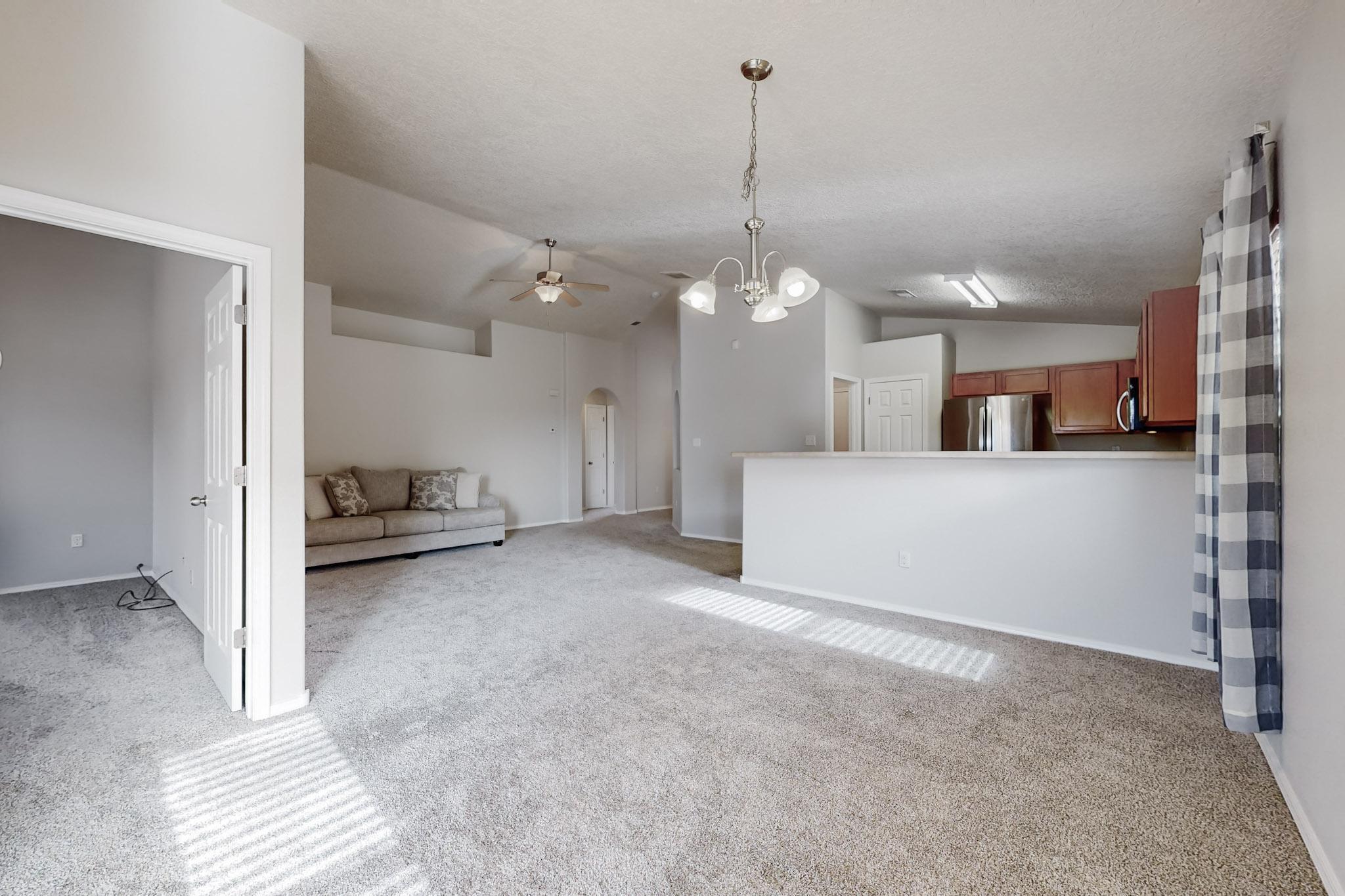 1147 DESERT SUNFLOWER Drive NE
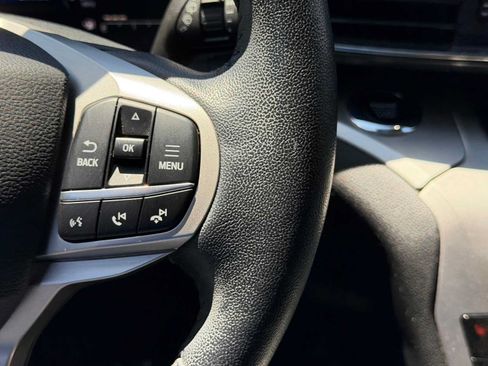 Used 2022 Ford Explorer XLT w/ Equipment Group 202A RWD image 17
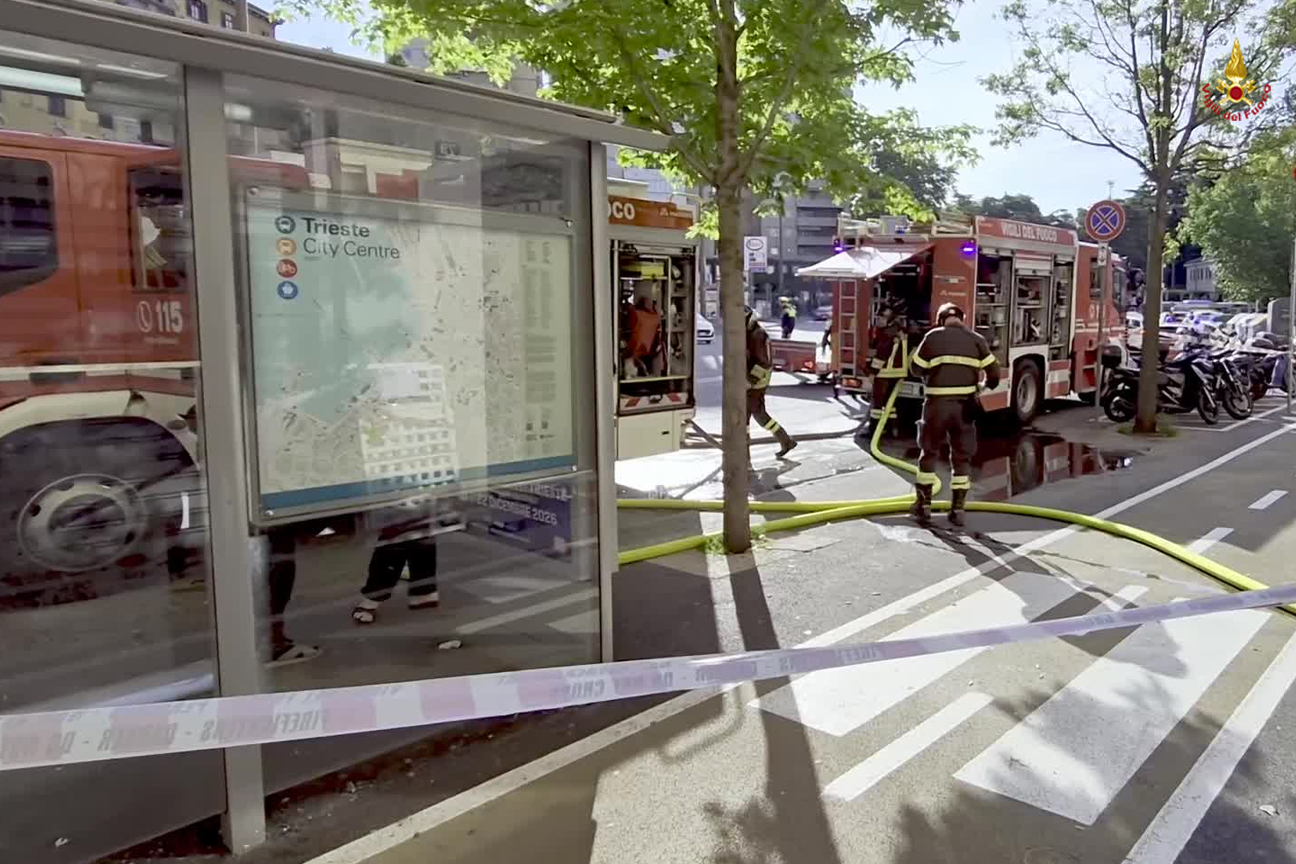 I Vigli del fuoco al termine dell'intervento per l'incendio in un appartamento di uno stabile in via D'Annunzio a Trieste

* **Work item**: None of the pictures belong in the copy; transcribe the rest of the data exactly.

* **Result of this exercise**:
 1147 DESERT SUNFLOWER Drive NE
 Used 2022 Ford Explorer XLT w/ Equipment Group 202A RWD image 17
 I Vigli del fuoco al termine dell'intervento per l'incendio in un appartamento di uno stabile in via D'Annunzio a Trieste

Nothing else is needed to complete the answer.